After Canada’s biggest banks finished reporting their fiscal second-quarter earnings earlier in the week, two of the smaller players – Canadian Western Bank and Laurentian Bank of Canada – stepped up to the plate on Thursday, with mixed results. Both hiked their dividends, but Canadian Western emerged as the clear favourite among analysts, and not only because it beat earnings expectations.
Analysts at both TD Newcrest and Desjardins Securities maintained their “buy” recommendations on the stock, but raised their 12-month price targets by a buck. TD’s Jason Bilodeau raised his target to $34, while Desjardin’s Michael Goldberg raised his to $36.
“With $2-trillion of potential capital spending in Western Canada expected over time, prospects for CWB’s growth remain very buoyant,” Mr. Goldberg said in a note. “Not only is CWB in the right place to benefit from this growth, but its execution has been strong over time.”
“Because of the robust growth in Western Canada, competitive pressures may be reduced,” he continued. “More importantly, because CWB does not compete head on with the major banks in much of its business, it is also less affected by competition.”
Laurentian didn’t get such a rave review after it missed earnings expectations, a result that sent its shares down 4.1 per cent on Thursday. Mr. Goldberg, who held his target price unchanged at $57.50, noted that the bank is showing that it is vulnerable to competition with the bigger banks. The bank’s operating expenses rose and its margins narrowed, which led to a year-over-year decline in operating profit.
Mr. Bilodeau trimmed his target price on the stock to $56 from $57.

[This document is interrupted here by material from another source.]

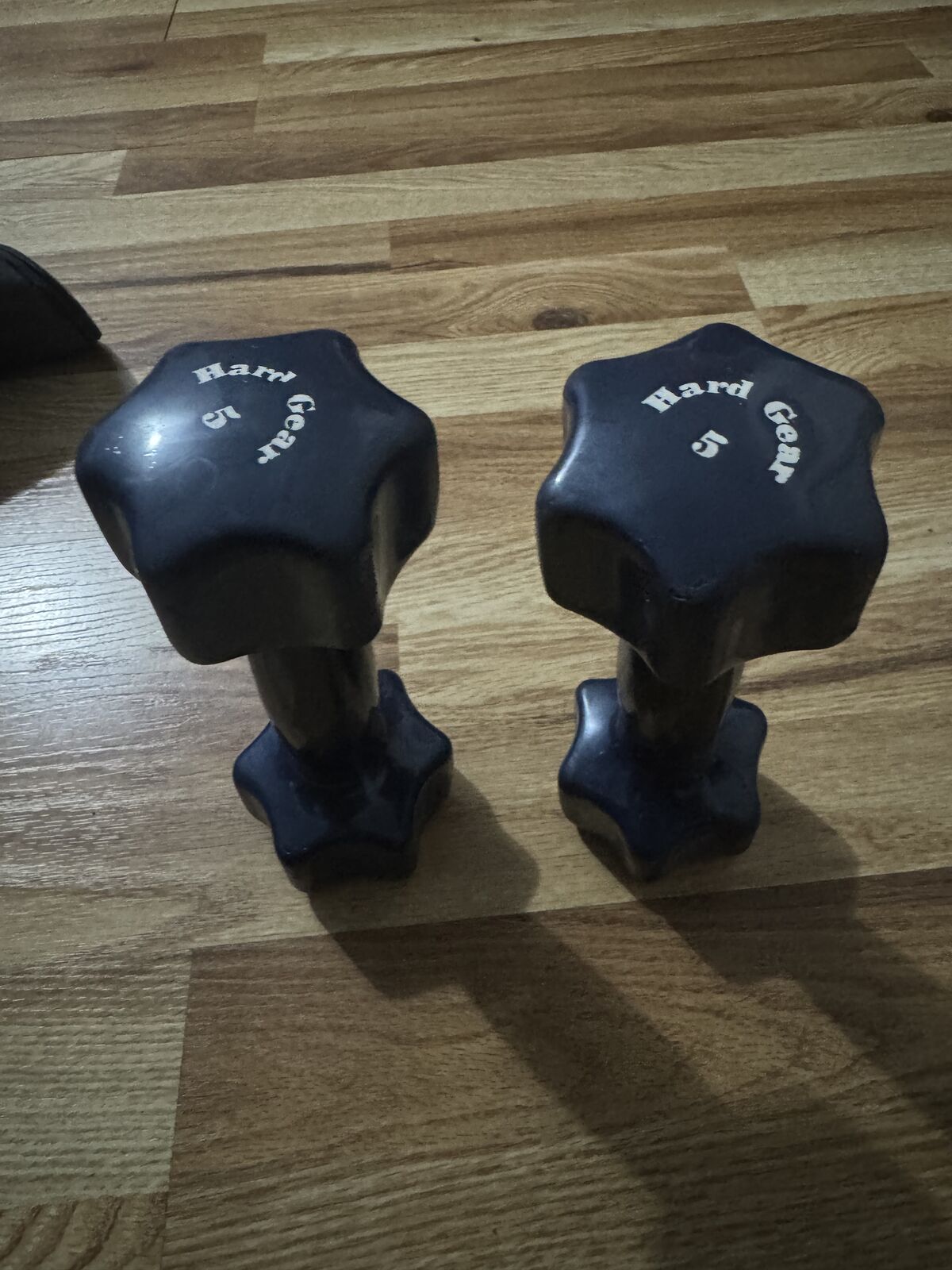 Blue Hard Gear 5 pounds Dumbbells SET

“We still think Laurentian has made good progress over the past one to two years and has focused on some niche markets/products, which has helped produce good growth off a small base, supporting an improved ROE and productivity,” he said.
“That said, the last two quarters have been weak/mixed in our view and it is less clear to us how the bank delivers continued improvement in what appears to be an increasingly soft domestic market.”